Mani_mba wrote:let x be the fraction replaced. if x is the fraction then the total is 1.
(1-x)*40 + x*25 = 35
40 - 40x + 25x = 35
5 = 15x
x = 1/3
Still i am not able to get it.
Could someone elaborate this ?
Thanks
Say, the actual solution is X liters and Y liters of the solution was replaced with another solution.

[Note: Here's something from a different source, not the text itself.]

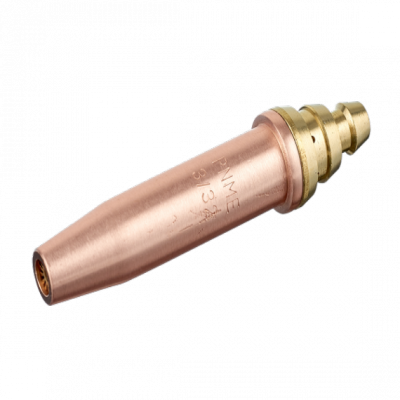 Мундштук PNME 3/32 125-175 mm Сварог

Now, the first solution is 40% solution, this means that 40% is some substance other than water (say alchol
=> this means that out of X liters of solution 40% or
.4X is alchol
Similarily, another solution is 25% solution, in Y liters of another solution
=> %age of alchol is 25% and hence
=> amount of alchol in Y liters of the solution is
.25Y
Now, if Y liters of 1 solution was replaced with Y liters of second solution, the amount of alchol that will change in the first solution will be given by
=>
.4X - .4Y + .25Y = .35X
where
.4X - .4Y => Amount of alchol left after Y amount of first solution was removed from the X amount of the solution. So, since %age of alchol is 40 in first solution, on removing Y amount of the solution, amount of alchol decreased by .4Y from
.4X
Now, Y liters of second solution was added, so the amount of alchol that got added with Y liters of second solution is
.25Y ( as second solution is 25% solution)
Now, after this change, the solution becomes 35 %, that means now the amount of alchol in the solution is
.35Y
And we have to calculate Y/X.
Hope, this helps you.